“I don’t like politics.”
It’s an odd thing for The Gazette’s city hall reporter to say, but Linda Gyulai explains: her motivations are journalistic, not political. She’s not out there to sabotage the mayor (even though many on both sides of the aisle at city hall may think so). She’s not out there to stir up controversy. She’s out there to explain to people what goes on in their municipal government, both the things they want the world to know about and the things they’d rather keep secret.
If it means she ruffles a few feathers along the way, that’s part of the job. She doesn’t take it personally.
And if it wins her some awards, that’s just a bonus.
A week to remember
On May 27, Gyulai put on a fancy black dress, and travelled to Rideau Hall in Ottawa as an invited guest of the governor-general. The Gazette, along with other high-profile news organizations, had been nominated for the prestigious Michener Award for public-service journalism. Unlike most journalism awards, the Michener is awarded to the publication or news outlet instead of the individual journalist. But The Gazette was nominated for Gyulai’s investigations into Montreal’s water meter contract, and Gyulai gave a speech as one of the nominees.

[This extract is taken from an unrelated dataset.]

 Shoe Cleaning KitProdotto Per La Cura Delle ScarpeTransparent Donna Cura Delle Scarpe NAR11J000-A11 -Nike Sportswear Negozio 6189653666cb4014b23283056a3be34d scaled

After the nominees had given their speeches, each case seeming particularly worthy of the award, foundation president Russell Mills tore open an envelope and read out the name of the winner.
No one was more surprised than Gyulai when he read out “The Gazette.”
“I sat there for a long time in shock,” she told me during a recent chat at our office. She said the CPAC video of the presentation didn’t show her patting her chest with her hand, unable to accept that her reporting had won such a prestigious award.
Publisher and Editor-in-Chief Alan Allnutt gave the acceptance speech, and Gyulai was invited on stage to snap some photos with the governor-general.
The next day, back in Montreal, Gyulai entered the Gazette newsroom to an enthusiastic standing ovation from her coworkers.
“It was an overwhelming response,” she said. People were emailing her and calling her. Old high school classmates were looking her up on Facebook. “I’ve never felt so supported and encouraged.”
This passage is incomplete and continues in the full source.